Q2 2026, what 47 actually means.
European mid-market companies score a median 47 out of 100 on AI maturity, based on 1,367 valid mid-market responses across 12 European countries collected during Q1 2026 (1 January – 31 March 2026), analysed and published in April. This inaugural quarterly unpacks that number, what's behind it, where the sectoral gaps sit, and what changes between now and 2 August 2026, the legally binding date for the EU AI Act's high-risk obligations under Regulation (EU) 2024/1689. The European Parliament voted in March 2026 to support a postponement to 2 December 2027; the Council must adopt before August for the delay to take legal effect. Boards cannot bet on extension, the preparation work is the same either way.
Three numbers that anchor everything else.
Median European mid-market AI maturity score
47/100
Cross-industry blend, calibrated against MIT Sloan/BCG 2024 and the Q1 2026 Arqmetrica Index cohort (N=1,367, 95% CI ±1.2 pts). Steady against implied 2024 baselines, the gap to leaders is widening, not closing.

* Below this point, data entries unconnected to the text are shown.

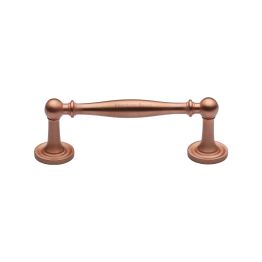 Heritage Brass Cabinet Pull Colonial Design 96mm CTC Satin Rose Gold Finish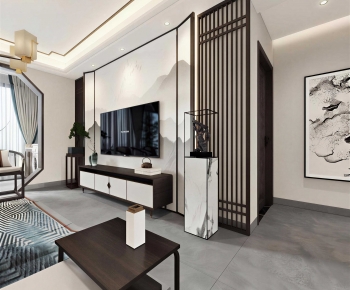 New Chinese Style Hallway-ID:218168022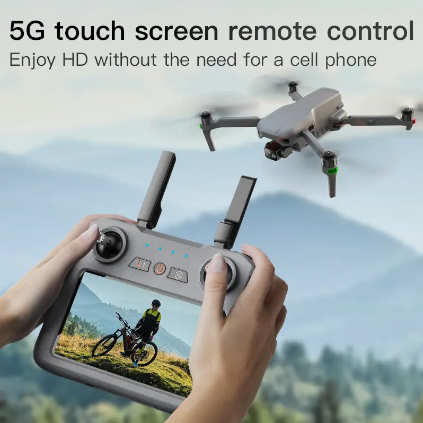 4K Camera Drone with Three-Axis Gimbal, 800m Range, 360° Obstacle Avoidance, 5.5-Inch Touchscreen Remote, 45-Minute Flight Time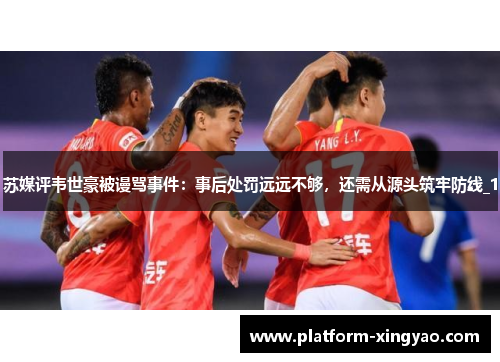 苏媒评韦世豪被谩骂事件：事后处罚远远不够，还需从源头筑牢防线_1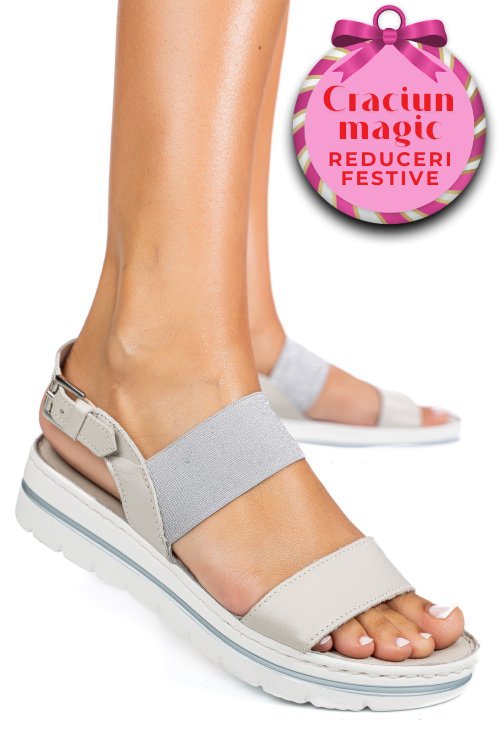 Sandale gri piele naturala 9192949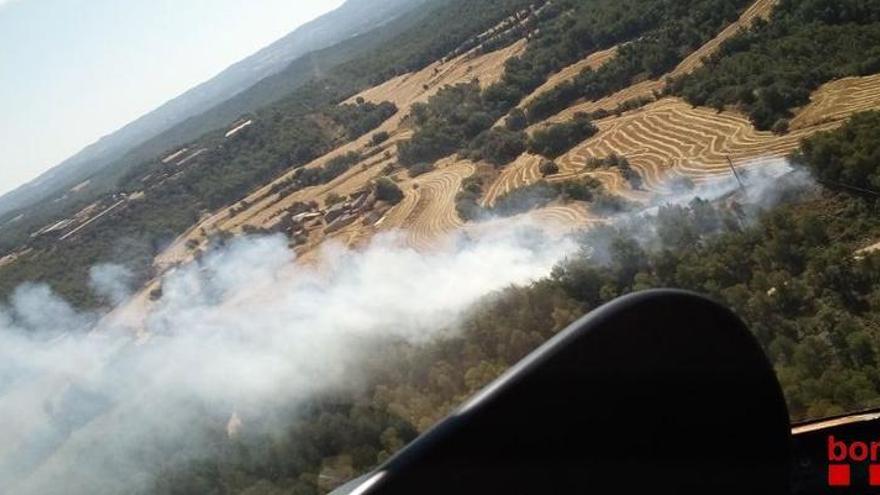 Imatge aèria de l&#039;incendi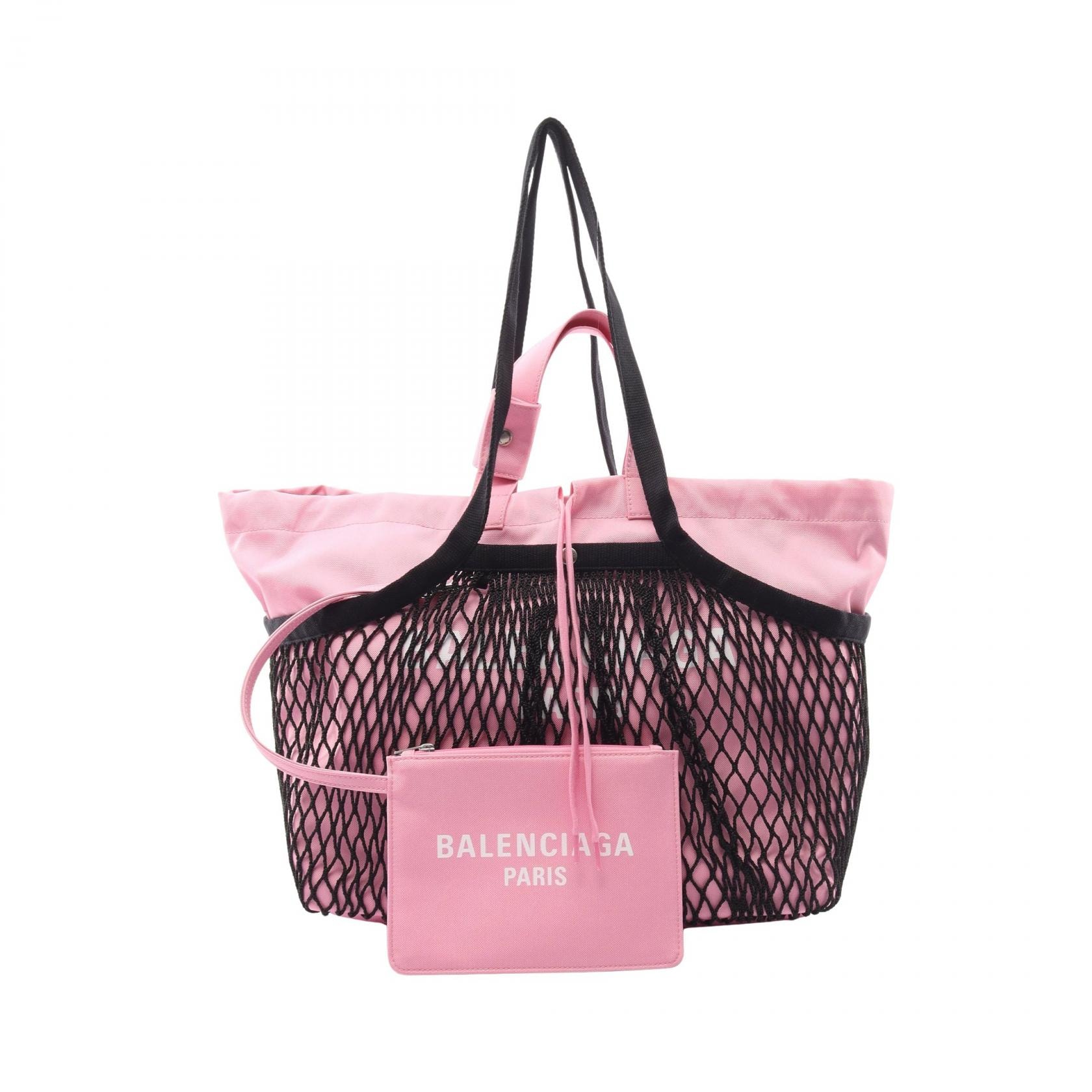 バレンシアガ BALENCIAGA 24/7 TOTE MEDIUM 2WAY トートバッグ バッグ キャンバス レディース ピンク系 / ブラック系 7918092AA465869 【新品】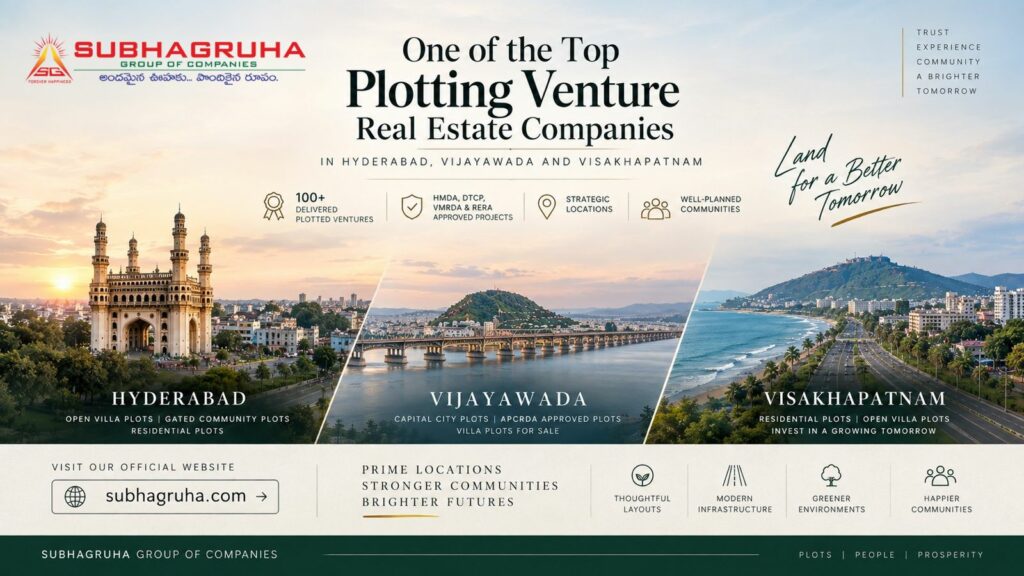 Subhagruha Group of Companies: 100+ Plotted Ventures Across Hyderabad, Vijayawada and Visakhapatnam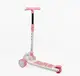 Самокат трехколесный Skyper LS-251/6 колеса PU со светом и музыкой. Pink and White (189247)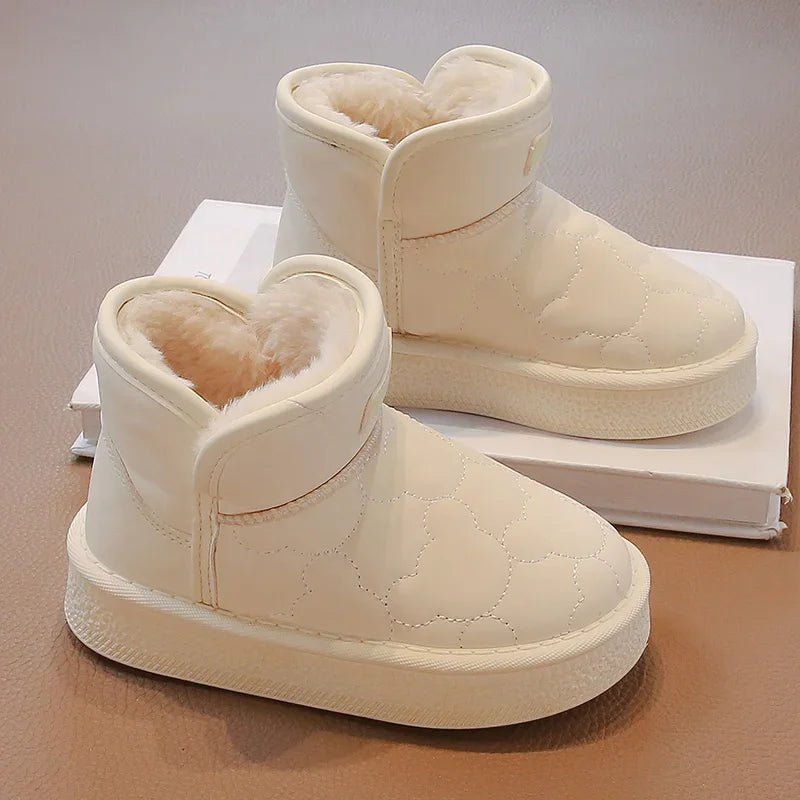 Kids' Fur Design Soft Casual Winter Shoes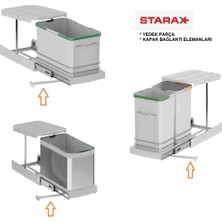 Starax Raylı Çöp Kovası Yedek Parça Bağlantı Elemanı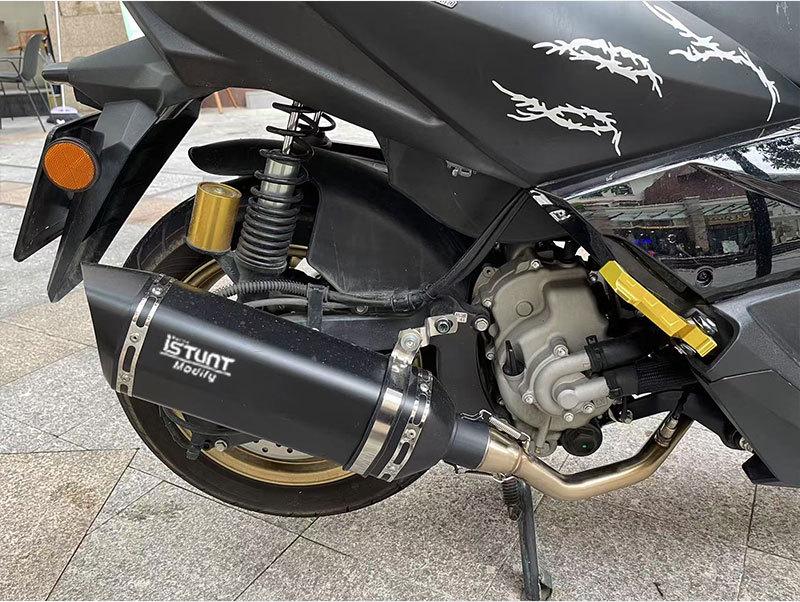 Skyhawk TX250 Exhaust Modification: Front & Full Section Muffler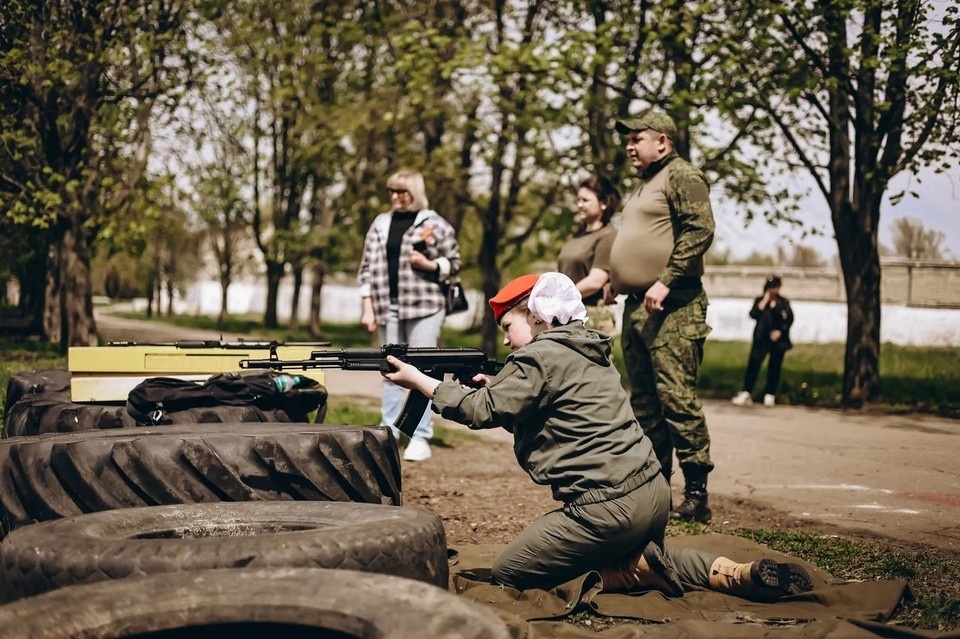    Участники игры соревновались в 11 дисциплинах. Фото: «Движение Первых» ДНР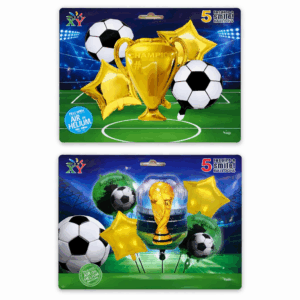 Set Globos Fútbol Campeón 5 Piezas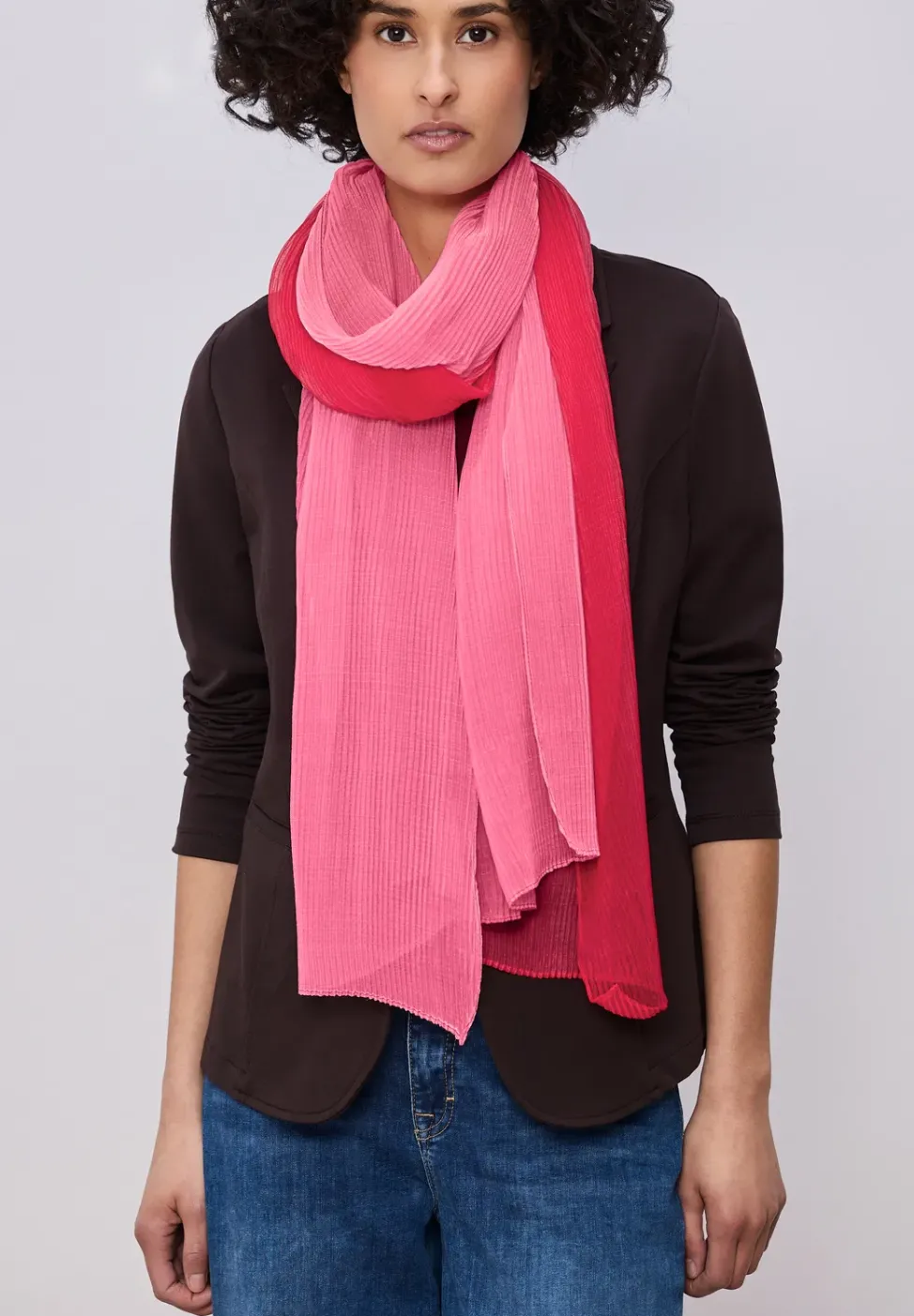 Foulard avec dégradé de couleurs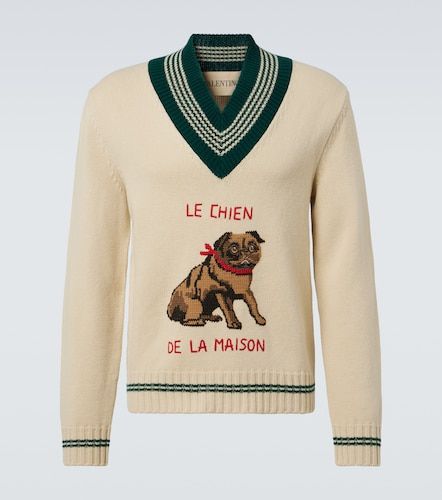 Pullover aus Woll-Jacquard - Valentino - Modalova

Companies with a named AI governance owner
31%
Capgemini EU AI Act readiness survey, Q4 2024. The remaining 69% must close that gap before August 2026 enforcement.
Pilots that reach production
22%
MIT Sloan/BCG 2024 longitudinal data. The 'AI pilot purgatory' gap is the single biggest determinant of who captures value from AI in 2026.
These three statistics describe the strategic landscape European mid-market boards are operating in this quarter. Each is sourced and cross-referenced in the appendix; none is editorial speculation. If you read nothing else in this report, read these.
How this report is built.
Six statistics worth reading twice.
These are the six headline numbers from the Q2 2026 cohort. Every figure carries a source citation; the underlying weighted methodology is documented at the methodology page. Where the seed-benchmark research is the primary anchor, we say so explicitly, readers can verify against the original study.
Median maturity score
47/100
Cross-industry blend across the six weighted dimensions (Source: MIT Sloan/BCG 2024 + Arqmetrica Index Q1 2026, N=1,367, 95% CI ±1.2 pts). Cronbach's α = 0.84 across the full 24-item scale, internal consistency exceeds the 0.70 threshold typical for management research.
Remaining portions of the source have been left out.